March 27, 2024

European Hyperloop Center opens for first tests

Startups such as Spain’s Zeleros and Poland’s Nevomo expect to test their prototypes at the Dutch facility, funded by the Netherlands and the EU

The many setbacks of hyperloop companies in recent months haven’t scared away European hyperloop startups, which can now test their prototypes at the European Hyperloop Center — a new facility opening in the Netherlands today.

The EHD is a 420-metre hyperloop test tunnel in Groningen, created to help companies advance towards the commercialisation of their hyperloop designs, which consist of ultra-fast transport capsules that would run on magnetic levitation inside a network of underground tunnels. 

The Dutch government, the European Commission and the province of Groningen have cofounded the centre. Hardt Hyperloop plans to start testing prototypes in the coming weeks, after announcing today that it had completed building the infrastructure.


European startups and research organisations such as Zeleros, based in the Spanish city of Valencia; Nevomo, a Polish company headquartered in Warsaw, and the Swiss non-profit EuroTube, are among those expected to use the facility.
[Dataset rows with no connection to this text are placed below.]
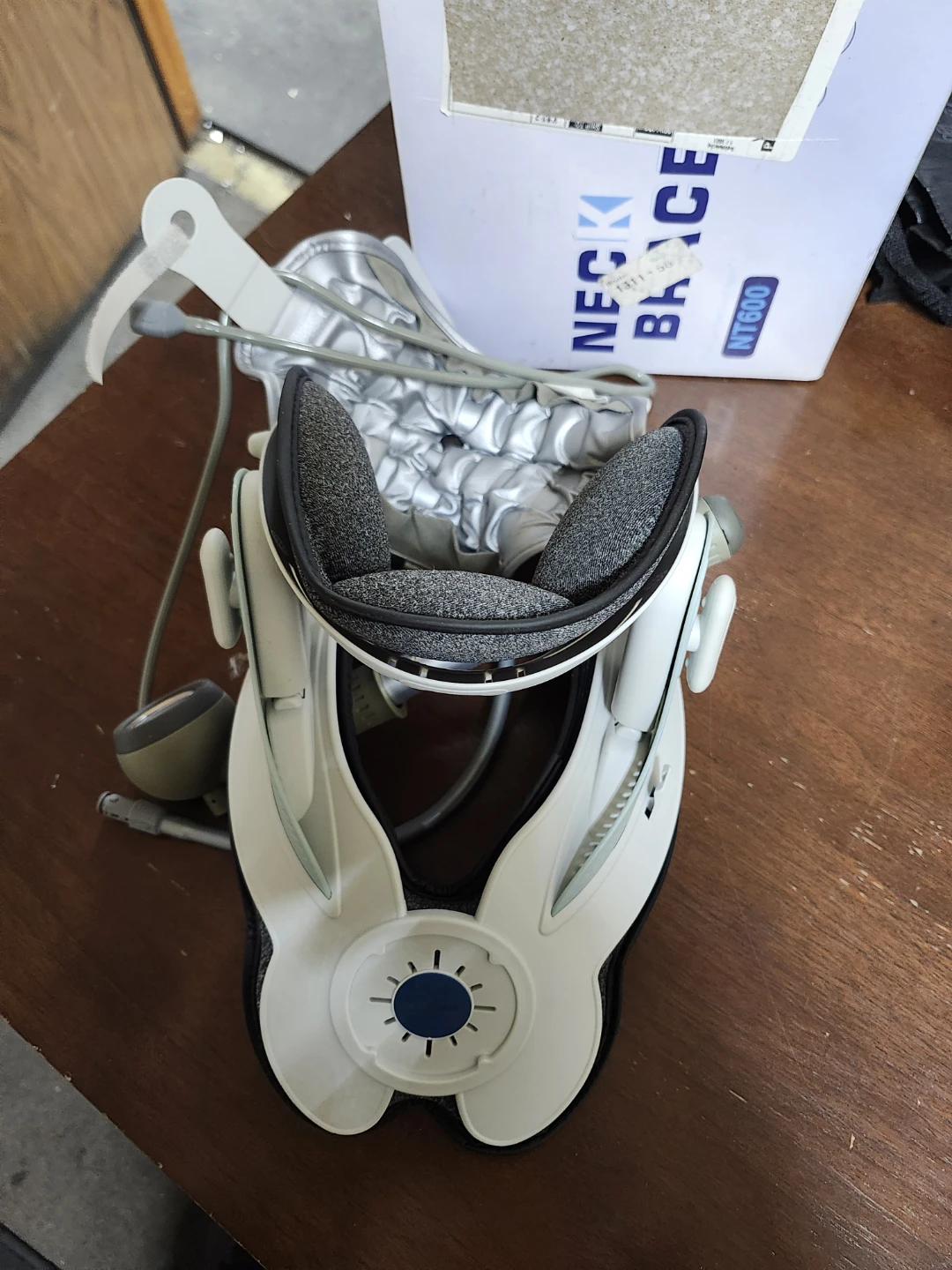 Neck Brace Traction Therapy for Neck Pain - photo 3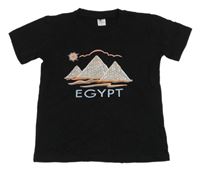 Čierne tričko s pyramidami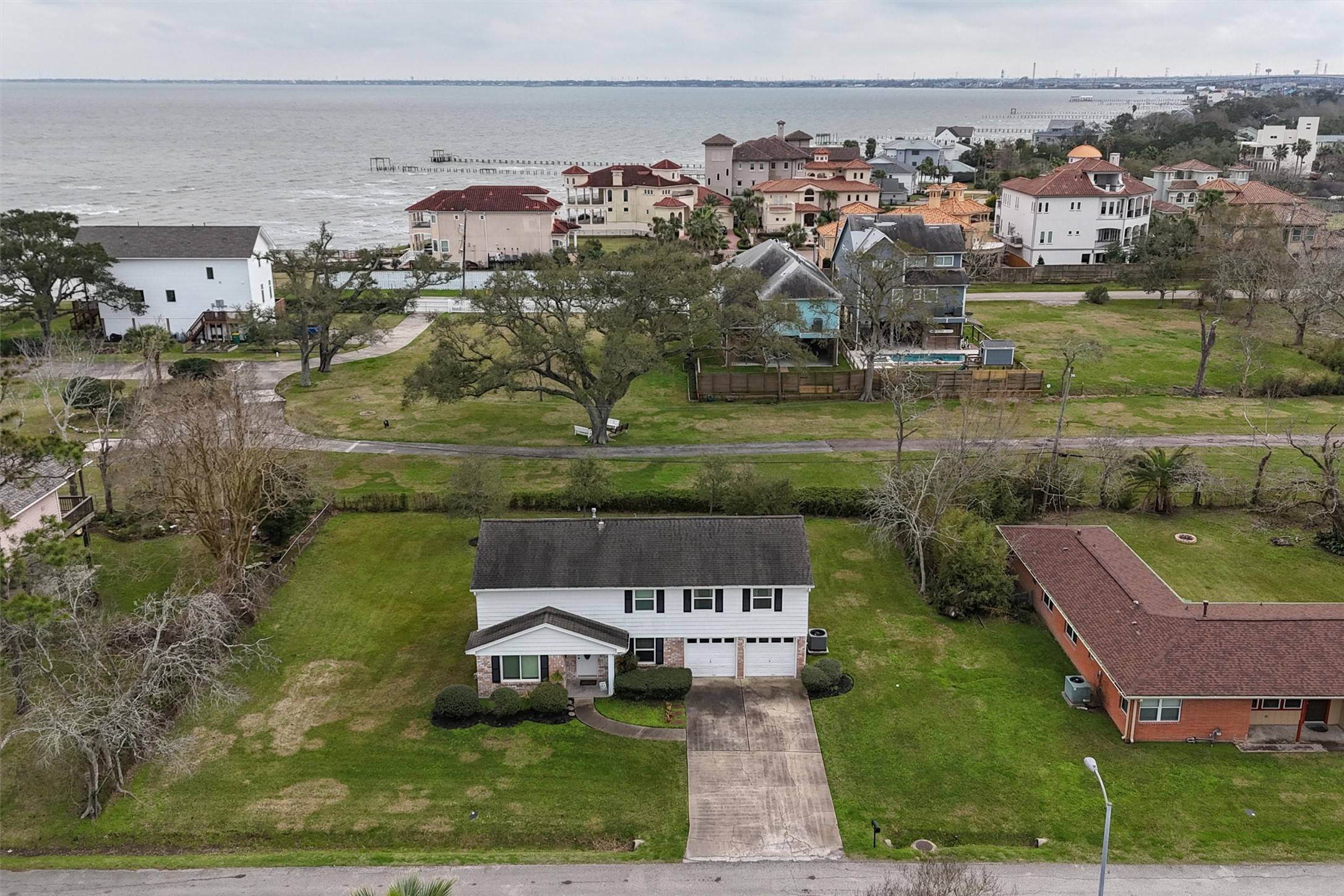 613 Bradley ST,  Seabrook,  TX 77586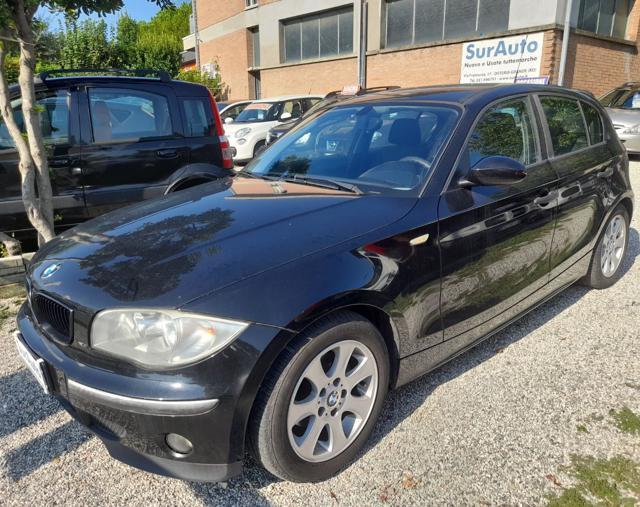 BMW 118 d 5 porte Attiva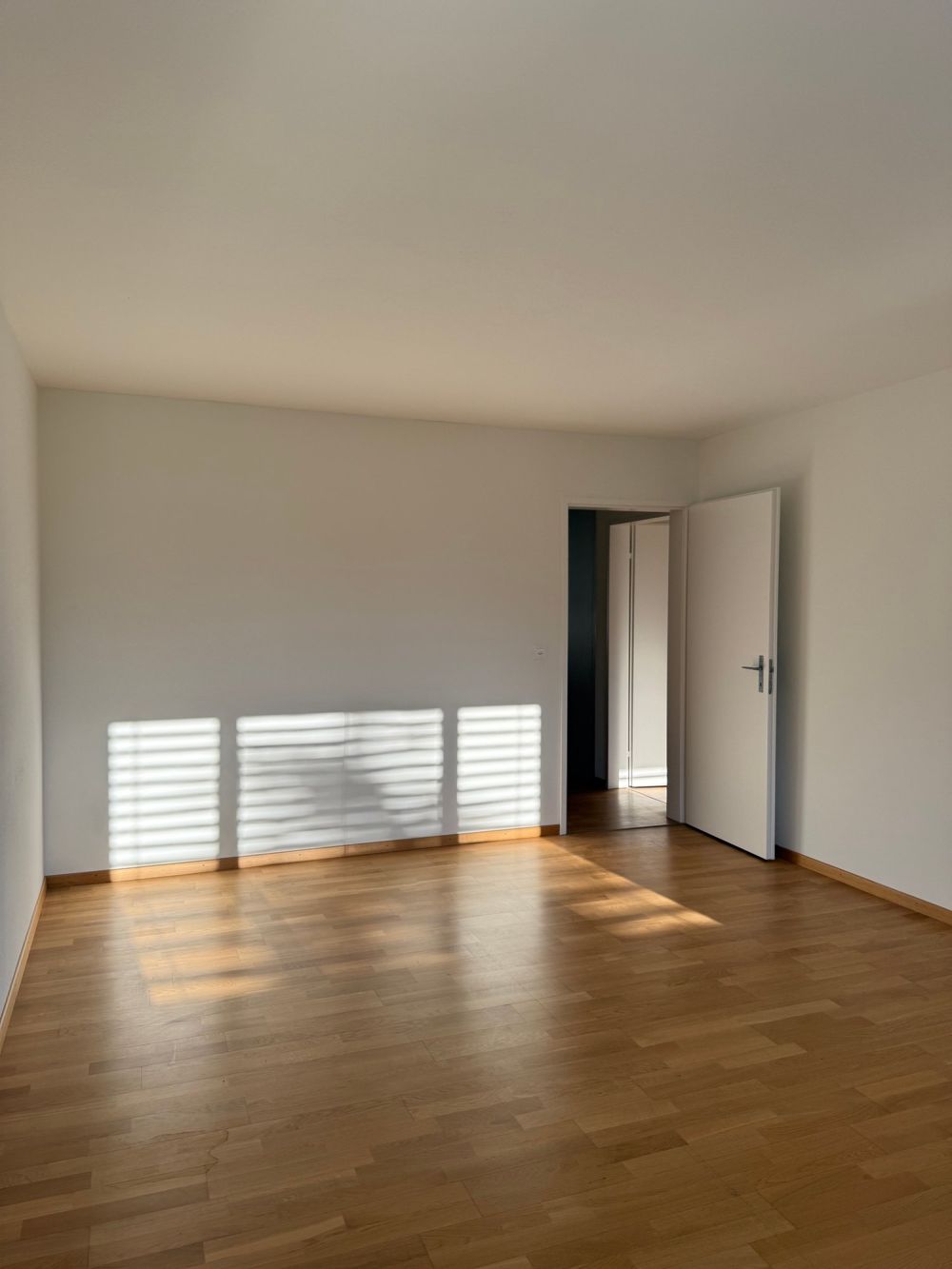 Erstvermietung nach Sanierung – grosszügige 4.5-Zimmer-Wohnung mit Balkon - Bild 2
“This marks a pivotal moment in hyperloop development,” says Sascha Lamme, EHC director. “It is great that this state-of-the-art facility in the province of Groningen has been brought to life with the support of all our partners, and we can’t wait for the first tests to happen.”

Marinus van der Meijs, cofounder and technology and engineering director at Hardt Hyperloop, says the EHC will allow companies to demonstrate essential technologies needed for hyperloop trains to work, such as magnetic levitation, propulsion, stabilisation and lane-switching at speeds up to 100 km/h. 

Hyperloop struggles

The announcement is encouraging news for a sector, inspired by Elon Musk’s dream of travel at near-supersonic speeds, that has struggled with negative headlines in recent months. 
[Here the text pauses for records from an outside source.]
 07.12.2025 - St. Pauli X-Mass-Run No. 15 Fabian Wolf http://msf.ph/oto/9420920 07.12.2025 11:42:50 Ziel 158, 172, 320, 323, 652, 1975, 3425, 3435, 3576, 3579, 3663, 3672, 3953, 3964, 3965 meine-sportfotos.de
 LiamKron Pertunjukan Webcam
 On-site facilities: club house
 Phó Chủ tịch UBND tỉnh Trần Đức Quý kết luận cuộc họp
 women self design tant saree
Hyperloop One, once a high-profile US startup that raised more than $450m since its launch in 2014 from investors including the billionaire founder of Virgin, Richard Branson, shut down last year despite having built some prototypes in the Nevada desert. 

Last December, Zeleros, a spinoff of the Polytechnic University of Valencia that raised $15.6m since its launch in 2016, including from the European Innovation Council, had to let 26 people go — half of its staff and mostly engineers — to address liquidity problems. The company is now focused on developing pilot projects in a bid to accelerate its market access and wants to integrate its technology in the port of Valencia.

The EU is still keen on funding the idea, which could take a renewed impetus after China Aerospace Science and Industry Corporation (CASIC) announced earlier this year that its hyperloop train prototype achieved 622 km/h in a test run under non-vacuum conditions, and even faster in a low-vacuum tube.